- YOUR OBJECTIVE -
Extract the records below word for word and ignore the images.

- DATA SECTION -
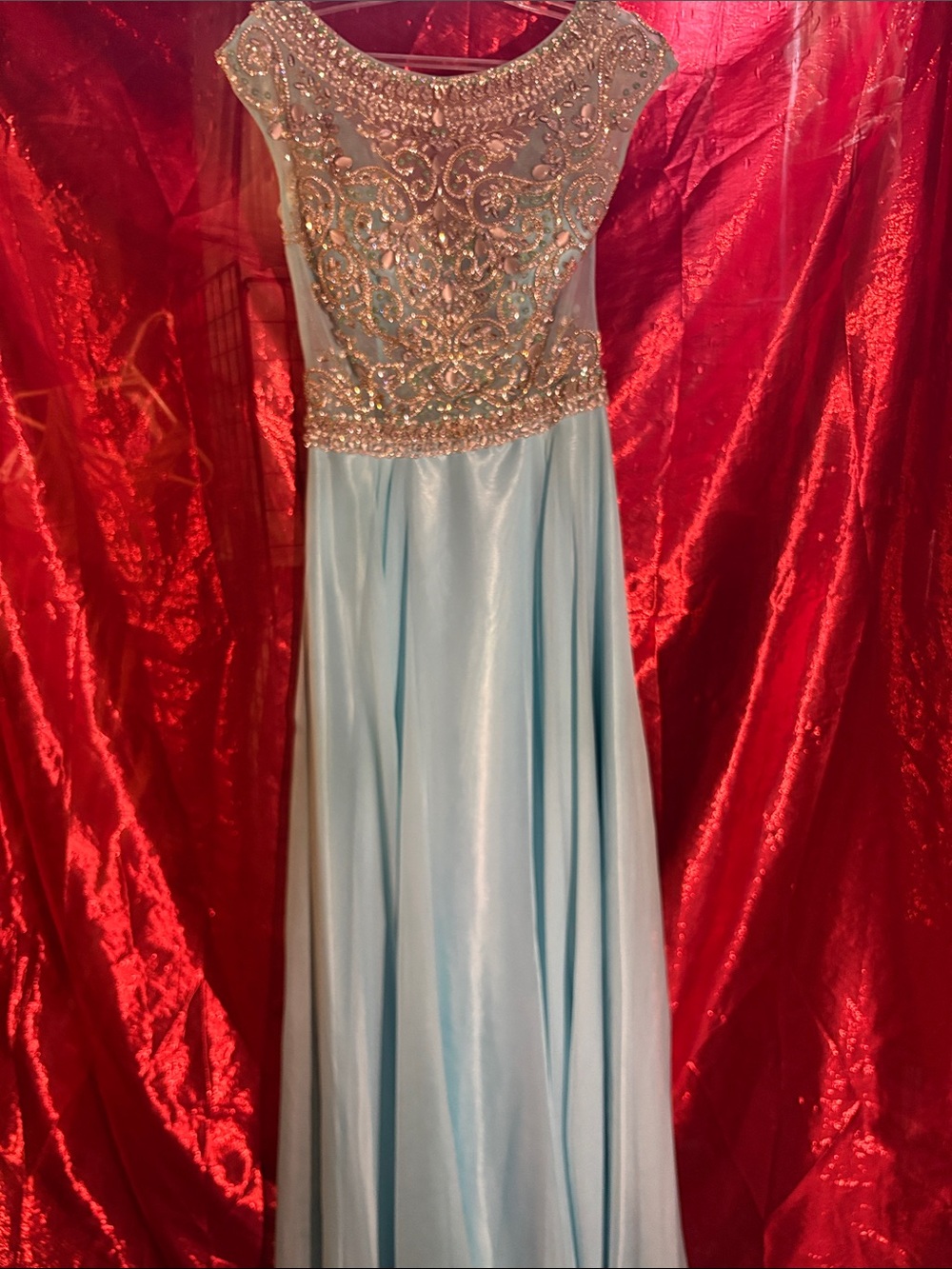 Jovani Light Blue Beaded Prom Gown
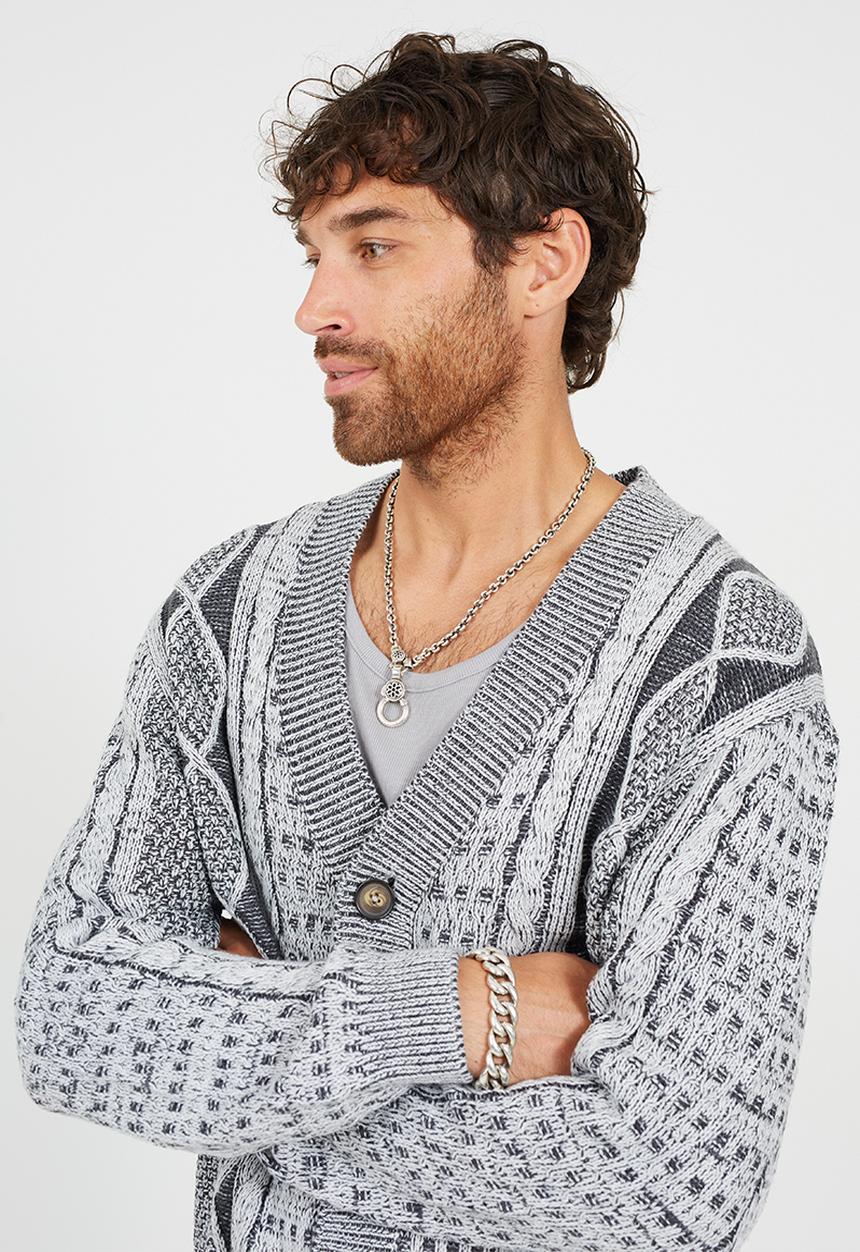 Brave Soul - Oversized Fit/Dropped Shoulder Cardigan - Dk Charcoal Marl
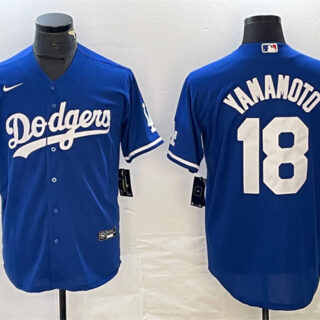Men's Los Angeles Dodgers #18 Yoshinobu Yamamoto Blue Cool Base Stitched Jersey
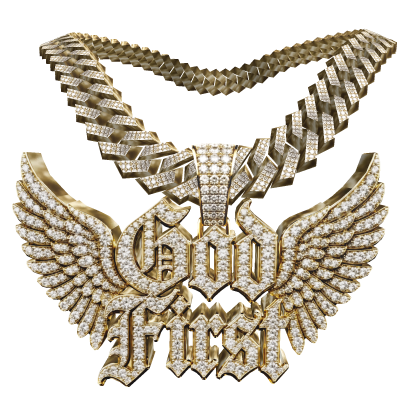 4.0 God first gold chain iced out w angel wings 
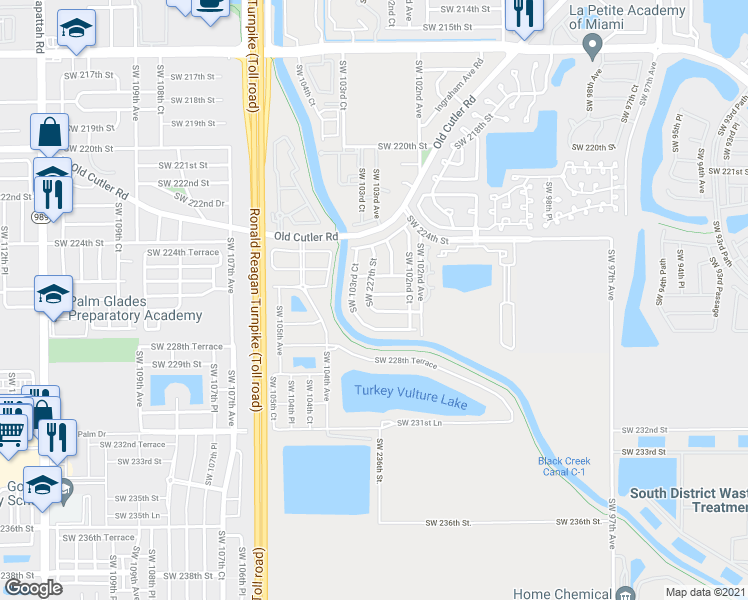 map of restaurants, bars, coffee shops, grocery stores, and more near 10284 Southwest 226th Terrace in Cutler Bay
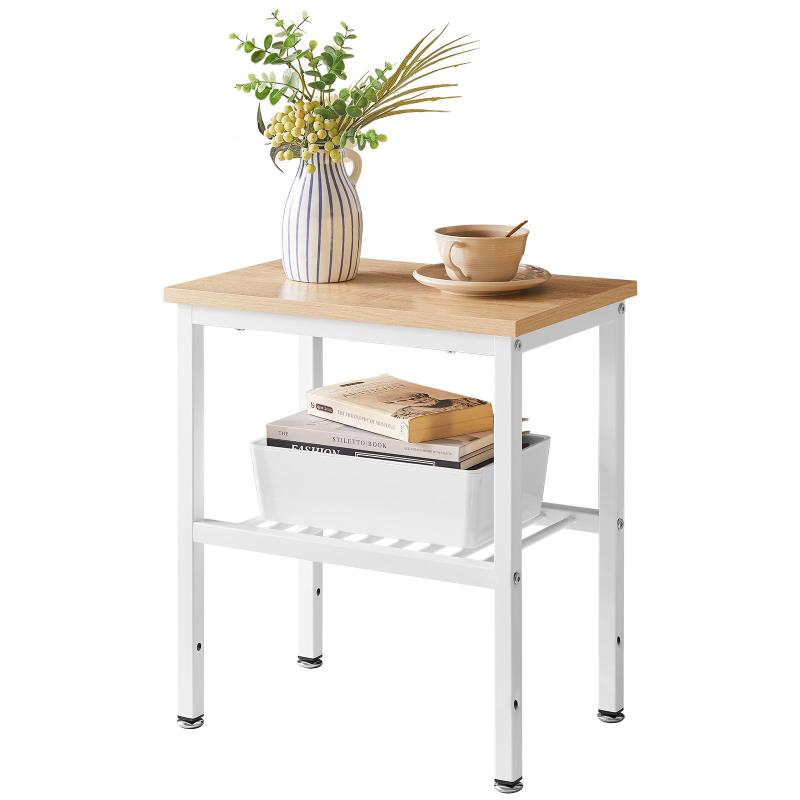 IBUYKE サイドテーブル 2段サイドテーブル ソファーサイドテーブル 木製 ナイトテーブル おしゃれ エンドテーブル オープンラック 収納ラック 組立簡単 ナチュラル 40x27x45cm JPT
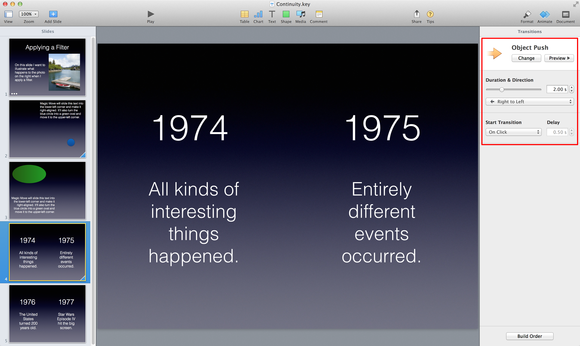 Keynote object push timeline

- SOLUTION TO THIS TASK -
 Jovani Light Blue Beaded Prom Gown
 Brave Soul - Oversized Fit/Dropped Shoulder Cardigan - Dk Charcoal Marl
Men's Los Angeles Dodgers #18 Yoshinobu Yamamoto Blue Cool Base Stitched Jersey
 4.0 God first gold chain iced out w angel wings 
 map of restaurants, bars, coffee shops, grocery stores, and more near 10284 Southwest 226th Terrace in Cutler Bay
 IBUYKE サイドテーブル 2段サイドテーブル ソファーサイドテーブル 木製 ナイトテーブル おしゃれ エンドテーブル オープンラック 収納ラック 組立簡単 ナチュラル 40x27x45cm JPT
 Keynote object push timeline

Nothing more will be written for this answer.